Yesterday I was playing with xmltv feeds. I knocked up a little app that connects to a remote server, grabs a file (in this case xml), stores it in a cache, passes it into a templating engine (XSLT), and spits the result out as a web page.
The code is based on an RSS display tool I previously wrote. It's the same principle, grab something, transform it, and display it. In both cases I don't want to grab the data every time, I'm happy to use a local copy if it's only a few hours old.
I realised that a lot of the code could be abstracted out into a module. The transformation element may be to specialised, but we shall see.
I'm not trying to re-invent Squid, I just want a simple URI getting tool, that can cache data. Basically you can call the app many times, but not check source data every time.
Does this exist on CPAN already? is so where? If it doesn't exist already, what should I call it?
Re:LWP
ajt on 2004-02-24T15:57:07
Interesting idea. I knew LWP did some caching, but I thought it was in memory caching, for within a single process, not file caching. This is probably enough, certainly for me anyway.
However LWP still has to do a HTTP request, to determine if the page has changed, and some feed providers may still dislike the frequency of the requests, even if they are only "304, Not modified since last retrieval".
My other option is to use cron and Wget to obtain the data, and try not do my data gathering at page viewing time. As with LWP, Wget can do a get if-modified, which should be enough to not upset the feed provider. By setting the cron infrequently enough I can control the load on the data feed, independently of the page request.
For the kind of data I'm pulling it's okay if the data is a little stale, so I want to make it avoid going to the source for a while, if I can. Given that I'm not planning to redistribute the feeds, it's for a home intranet use only, it's probably a lot of effort for nothing....
Re:LWP
Matts on 2004-02-24T16:44:25
I think if you pull the feed as you're viewing it you're likely to put LESS strain on the remote end than they normally see from a script running 48 times a day. Unless you hit refresh more than 48 times.

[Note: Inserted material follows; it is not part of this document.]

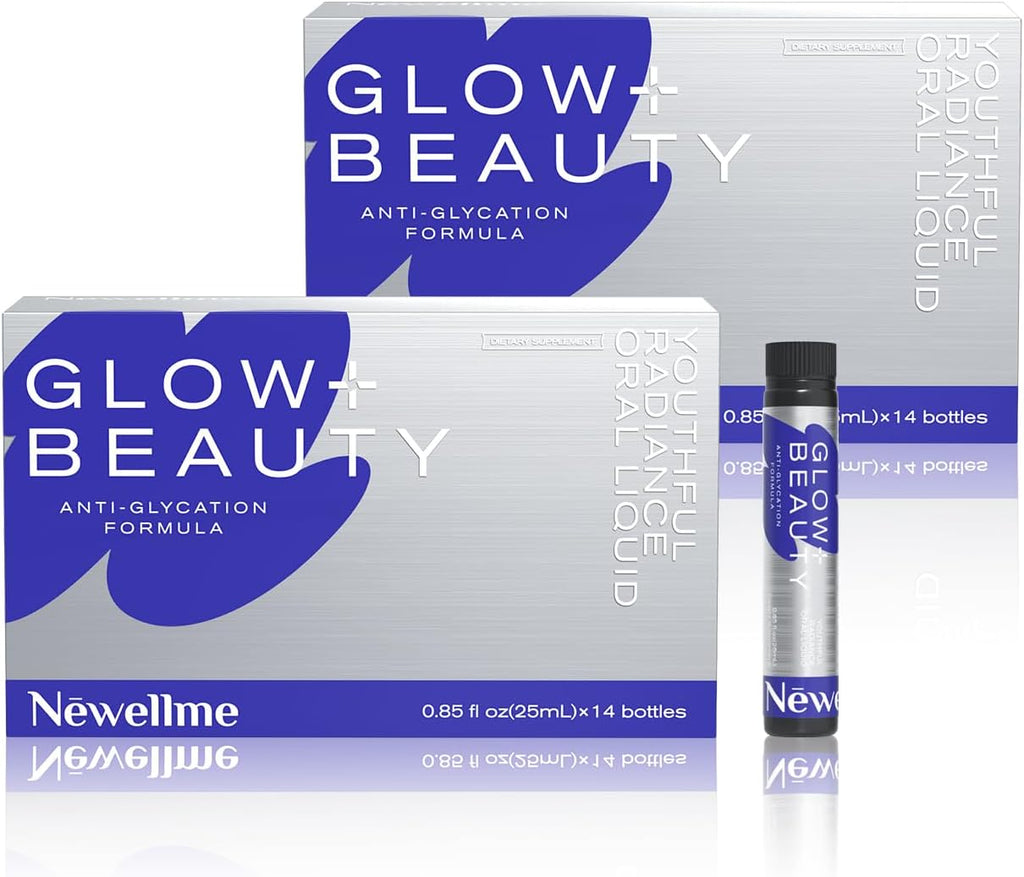 NEWELLME Glow+Beauty Collagen Drink – Liquid Beauty Supplement with Hyaluronic Acid & Antioxidant Complex, Supports Skin Hydration, Hair & Nail Strength, 28 Bottles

Honestly, anyone getting antsy about an individual user refreshing their RSS feed a few times in a few minutes has way too much time on their hands, and doesn't understand the web.Re:LWP
Dom2 on 2004-02-24T19:00:18
You can probably subclass mirror() and make it check for an explicit expiry date (assuming the HTTP headers are stored somewhere). If you're not past the expiry date, you should be able to use the file without revalidation.-Dom
Re:LWP
ajt on 2004-02-24T23:02:42
Good idea, I hadn't thought of that.